Interesante la representación en el Real de "Lulú" de Alban Berg.
Uno, que es espectador episódico de la Opera, asiste siempre un poco abrumado a un espectáculo tan masivo.
La puesta en escena es sobria, contemporánea, minimalista, quizás un poco demasiado espartana si se compara con otras producciones; un tapiz blanco, unos paneles de vidrio traslúcido, pocos elementos de vestuario; todo sobrio y elegante pero como decía, con perdón, algo parco para tres horas de espectáculo.
La orquesta presenta una interesante sección de percusión que aporta mucho color tímbrico, y es solvente, al menos a mis oídos. Ejecuta una partitura de casi tres horas de duración con armonías atonales, nada fáciles. Una de esas óperas en las que sales sin recordar un solo pasaje melódico. Siempre me he preguntado como los cantantes, que no leen la partitura, pueden memorizar las melodías.

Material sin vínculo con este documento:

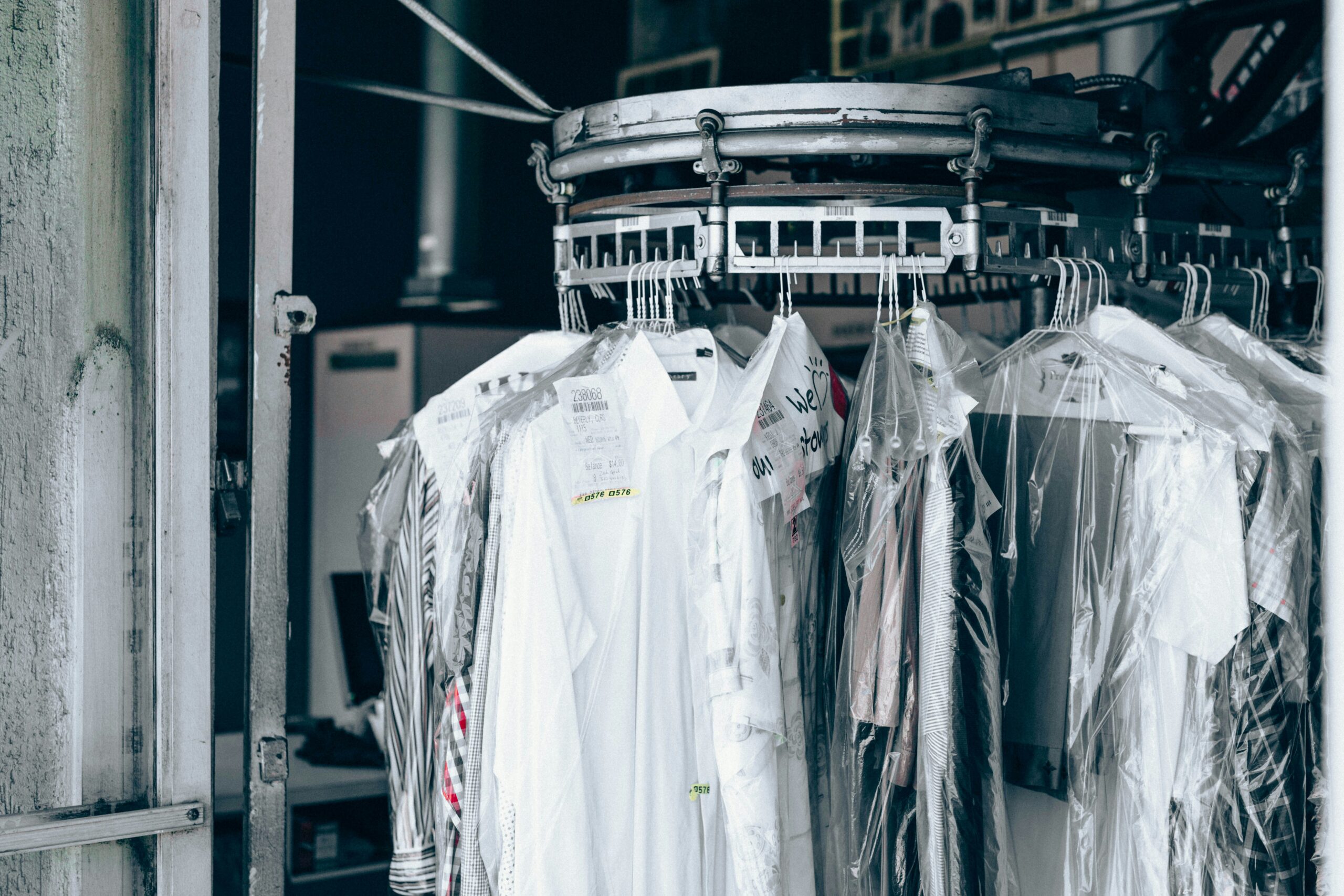 Clothes covered in plastic hang on a rotating rack inside a dry cleaning shop, with some tags visible on the garments and industrial dry cleaning equipment in the background.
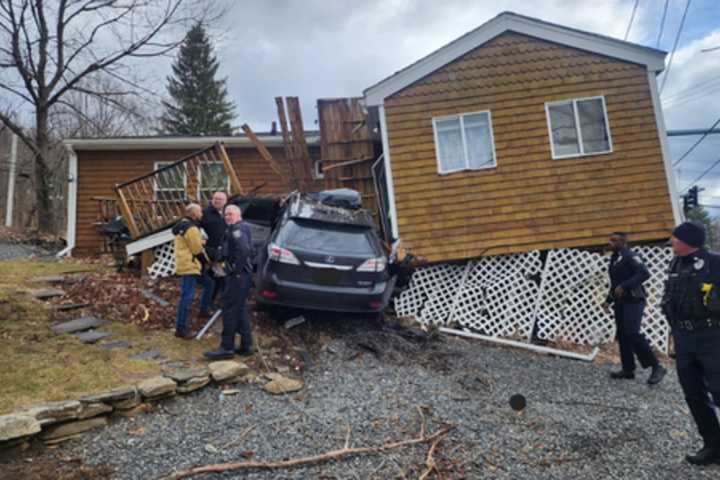 One Hospitalized, House Unlivable After Car Crashes Into Central Mass Home: Police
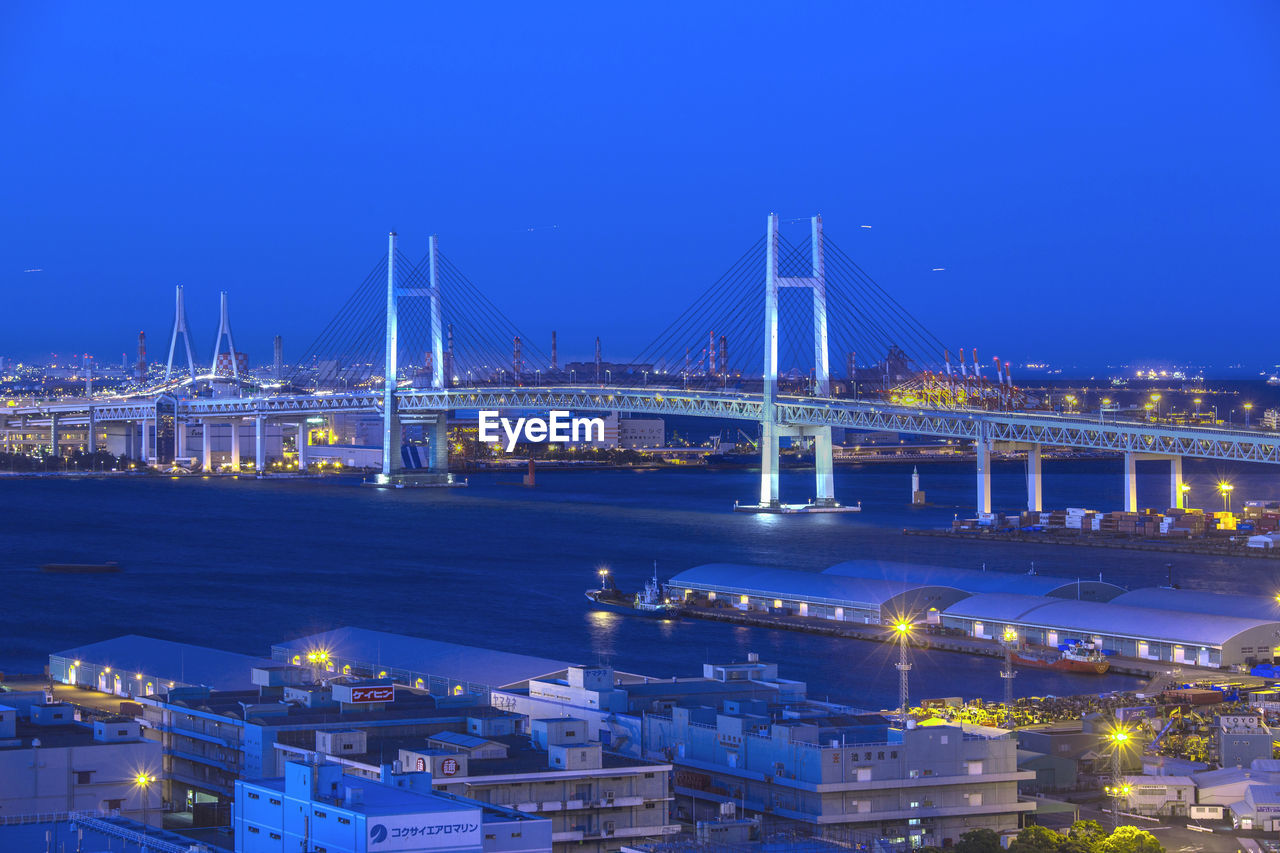 Illuminated bridge over river in city at night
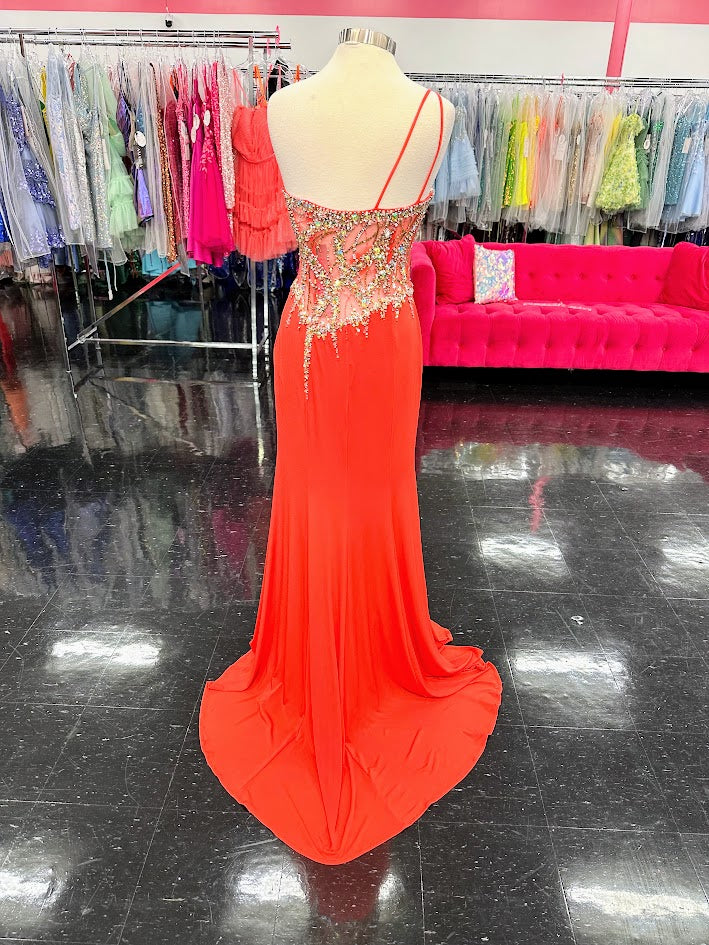 Jovani 91220 Long asymmetrical fitted formal prom &amp; Pageant dress. Fully embellished bodice with a one shoulder neckline. embellishments cascading down to the slit in skirt and a sweeping train.&nbsp;

Available Color: Coral (Bright)

Available Size: 10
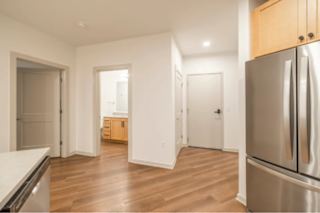 A kitchen with a refrigerator on the right.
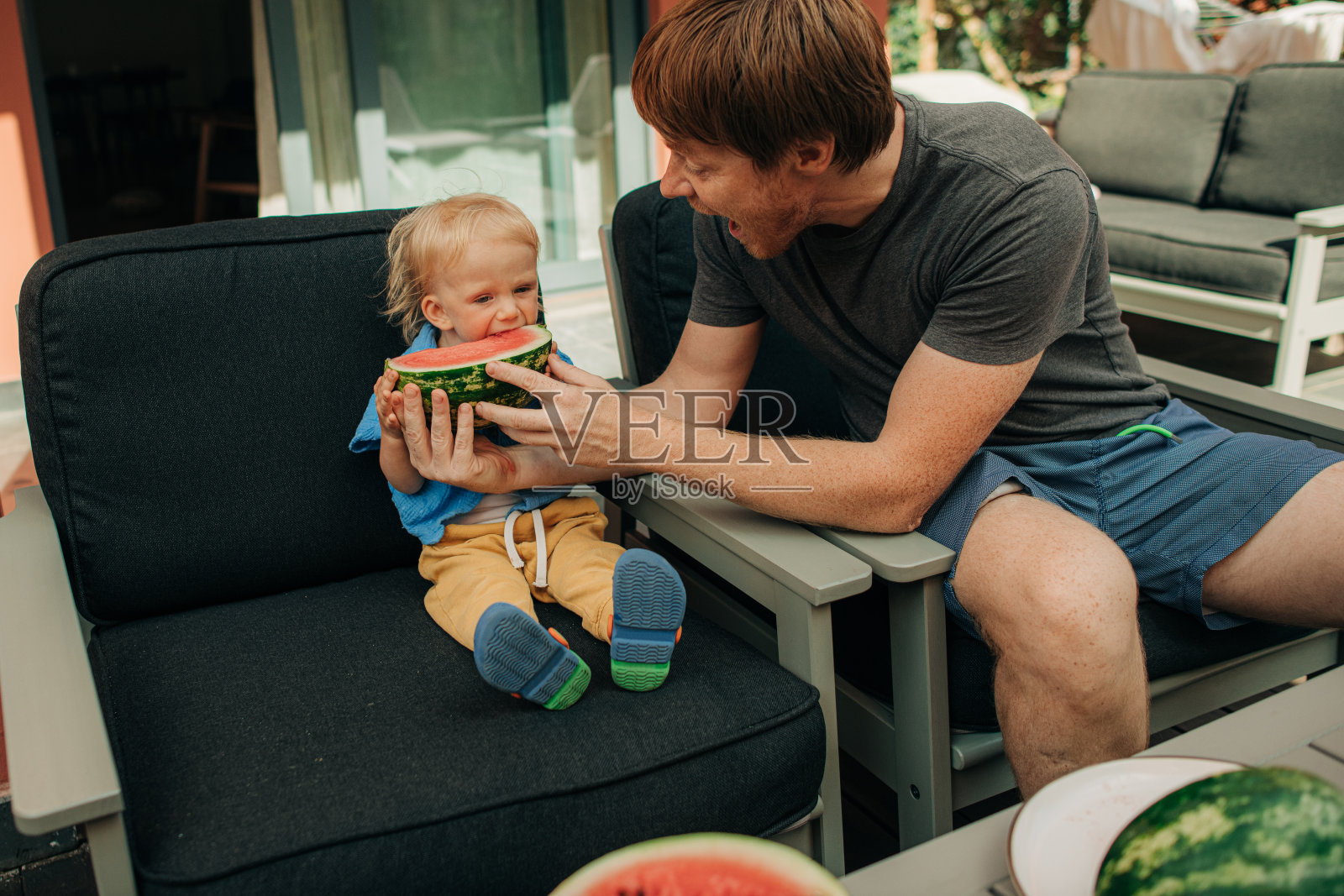 快乐的爸爸用西瓜喂小女孩照片摄影图片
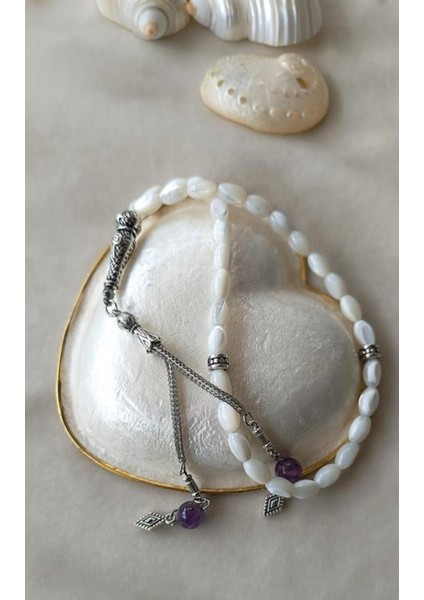 Beyaz Sedef Ametist 33’lü Arpa Kesim Tesbih Püskül ile Şıklık ve Zarafet modelleri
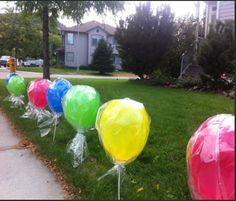 some balloons are lined up on the grass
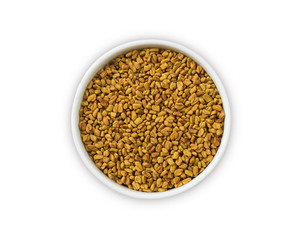 Fenugreek seeds in a wooden bowl isolated on white. Fenugreek seeds isolated on white background. Top view. Fenugreek with copy space for text.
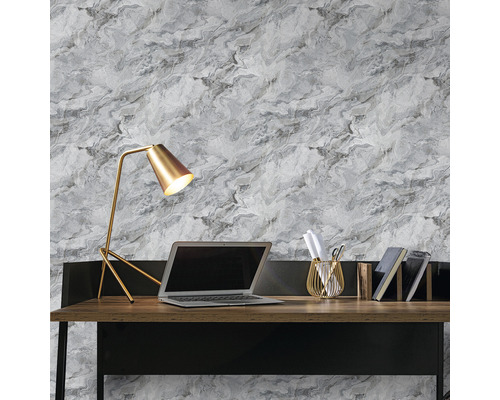 Bureau met lamp, laptop, pennenhouder en boeken voor een muur met marmerbehang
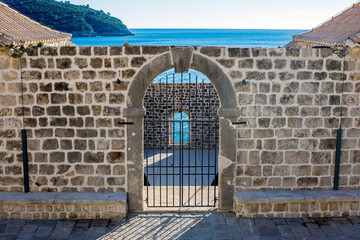 Closed bar door with shadows, selective focus, blue Adriatic Sea behind, sunny day. Scenery winter view of Mediterranean old city of Dubrovnik, famous European travel and historic destination, Croatia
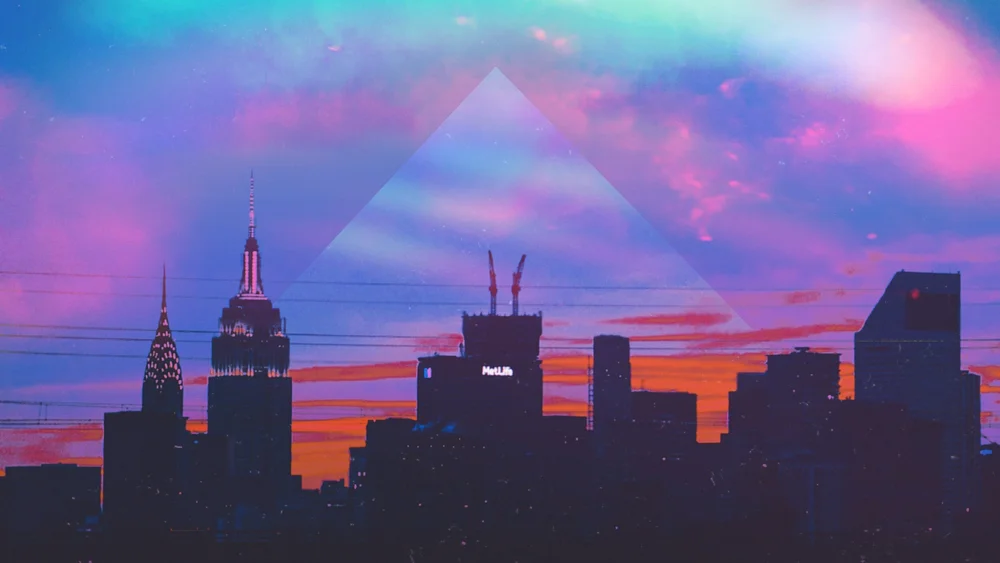 A city skyline in silhouette under a pink and blue sky, with a faint triangle overlay.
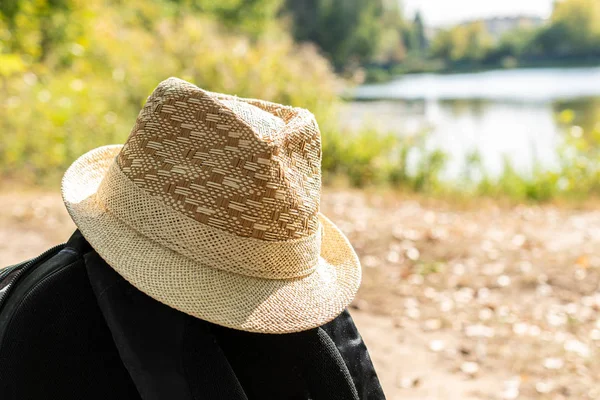 Straw hat on backpack on blurred background. Travel concept.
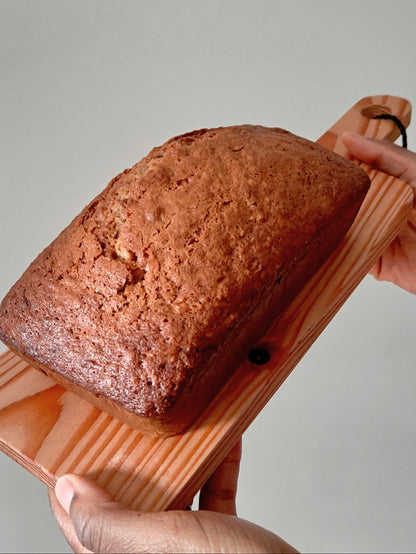 Loaf of banana bread on a wooden board held by two hands against a neutral background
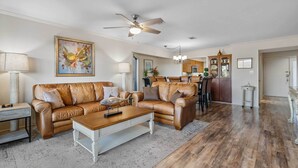 A spacious living room with a brown leather sofa, a wooden coffee table, and a ceiling fan. - Hot Springs Vacation Rental w/ Game Room! (Hot Springs)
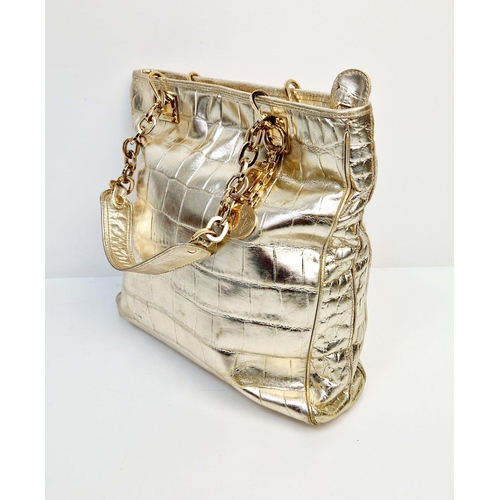 880 - A Metallic Faux Leather Versace Tote Bag. Gold-tone hardware. Dual handles. Spacious interior with z... 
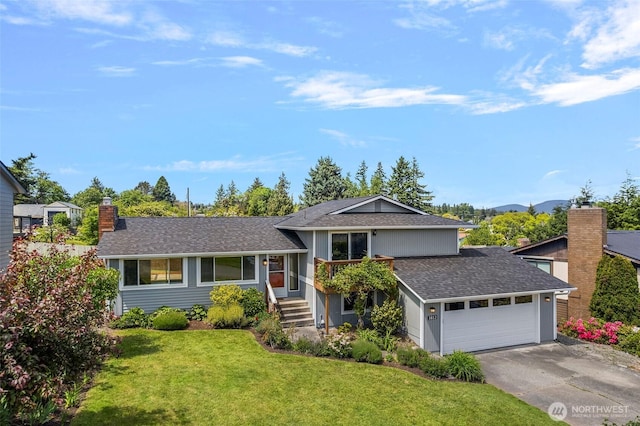 3812 R Ave, Anacortes, WA 98221 - split level home featuring roof with shingles, a chimney, a front lawn, an attached garage, and driveway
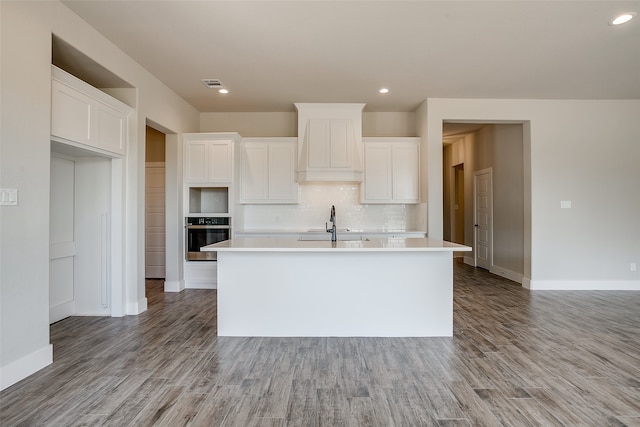 kitchen with an island with sink, light wood-type flooring, white cabinetry, and stainless steel oven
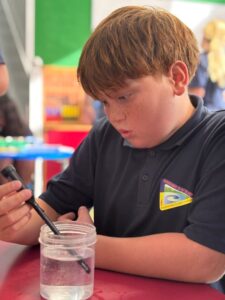 checking the temperature of several water samples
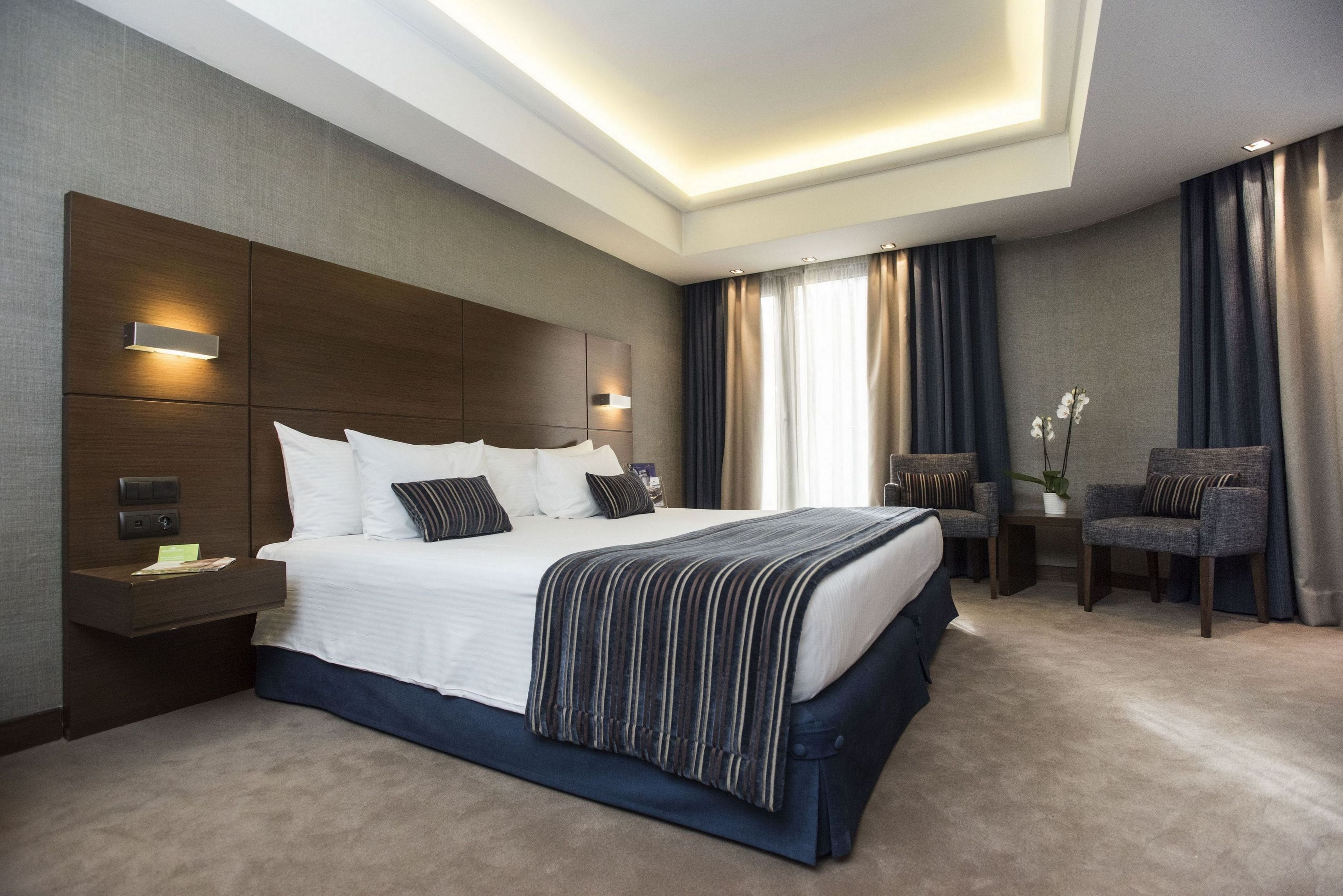 Een moderne hotelkamer met een groot bed, nachtkastjes, een zithoek met stoelen en uitzicht op het omliggende landschap.
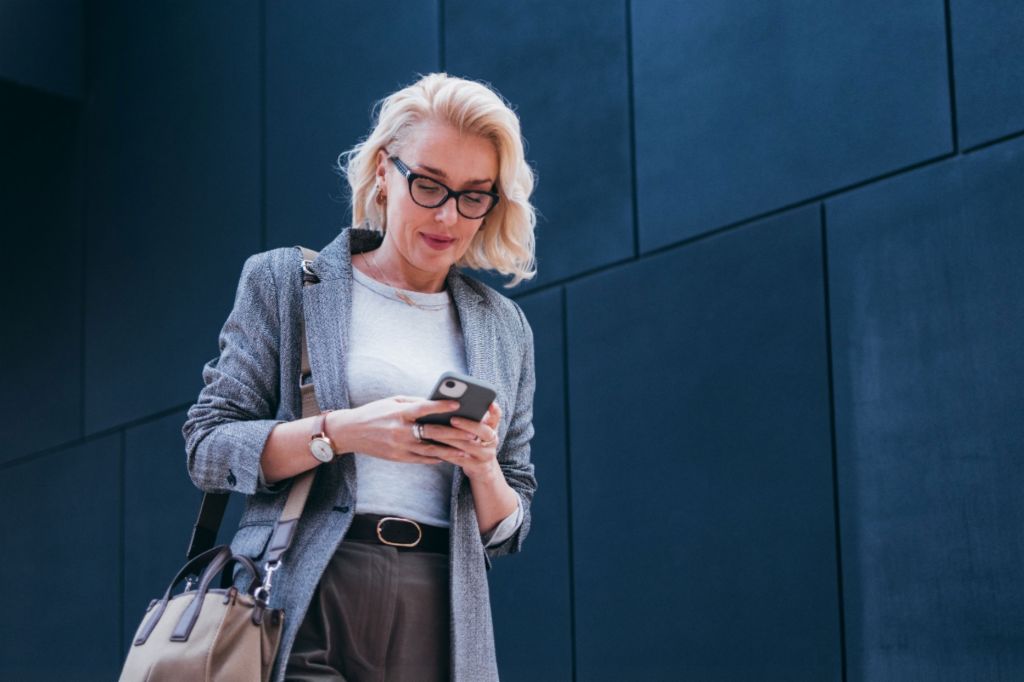 Una mujer de negocios rubia con blazer gris está frente a un edificio moderno, mirando su smartphone y sonriendo.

Lulú es un personaje atractivo, de principios de siglo XX, representado de manera un poquito fría pero muy profesional por Agneta Eichenholz, una soprano que da vida a un personaje a mitad de camino del mito de la femme fatale y la típica buscavidas desgraciada. Me pareció que los cantantes cumplían con solvencia y estaban bien, sin grandes alardes.
Diría que, en el libreto, el personaje esta bien construído: es el resultado de una infancia sin protección, de un padre incestuoso, sin fortuna y sin principios, una joven expuesta a la vida que descubre algo que sí posee: como hacerse y dejarse desear, las pasiones que puede despertar, y que se lanza por la pendiente, en la que todos juegan a vida o muerte cada una de sus bazas.
La convención funciona, y en el primer y segundo actos uno ve desfilar los personajes: el amante poderoso, el artista ingenuo, la Condesa, y demás galería de personajes, todos de una u otra manera dolorosamente enamorados. Y en medio de todos, Lulú, el personaje sin nombre propio, que obtiene su poder, su razón de ser, de la amalgama de amor y pasión que es capaz de suscitar, de donde que obtiene su fortuna y satisface su loca sed de ser idolatrada.
Interesante la peripecia con el mundano Dr. Schön, el su protector en la infancia, y luego su amante cínico. Lulú, en la plenitud de su esplendor, le presiona hasta el límite, se las apaña para que abandone a su prometida, y hace de él su marido -venciendo su mundana y sensata resistencia. ¿Por que fuerza las cosas Lulú hasta ese punto? El tema merecería un ensayo: digamos que quizás intentó suturar su profunda herida de no conocido el ser amada en su ser, sino través de su cuerpo, de su mascarada y su apariencia. ¿Como concebir la posibilidad de ser amada habiendo sido entregada, y habiendo aceptado entregarse a la abyección del crimen?
Ya nada sacia a Lulú, que pronto busca un nuevo aliciente en la fascinación que suscita en Alwa, el hijo del mismo Schön.
Funciona la maquina inexorable de la pasión y la muerte: Schön, demasiado avisado para no ver lo a lo que Lulú se entrega a sus espaldas, pretende darle muerte, pero Lulú se defiende - ¿no es una irrefrenada defensa de su amor propio lo que Lulú hace todo el tiempo?-. Así es finalmente asesinado por ella y sustituido por su propio hijo.
Supongo que sólo quienes hayan vivido intensamente el efecto potencialmente destructivo de la pasión podrán compadecer a los personajes en su ceguera, que los arroja por obra de Lulú al desamor, el dolor, la adversidad y la ruina.
Lulú, la sacerdotisa del rito, que jamas logro la paz al vivir el amor, es finalmente otra víctima del juego. Desorientada sin remedio entre los espejismos de la pasión, no resulta ser mas que otro peón ciego, otra víctima de la misma ceguera, cuando el juego la opone a quien no se fascina por ella y, sin escrúpulos como ella misma, la reduce a su rol final de objeto degradado.
Así funciona, sin que a nadie sorprenda, la obra del odio. El odio como reverso de la pasión sin medida, el odio que aparece para finalmente perderla y destruirla.
Al final del tercer acto, ya terminada la partida, la existencia de Lulú recupera algún sentido a través de la obra de artistas que la amaron. Instantes congelados en que sus amantes contemplan con nostalgia sus propios anhelos perdidos en, digamos, la obra de aquel ingenuo pintor que la amó. A través de su arte fue capaz de contener una belleza que, se comprende al final, en realidad no pertenecía a ella. Mas bien estaba a mitad de camino entre la mascarada de Lulú, su mero soporte, y el deseo insensato de plenitud que se proyectaba sobre ella desde la fantasía de quienes la amaban.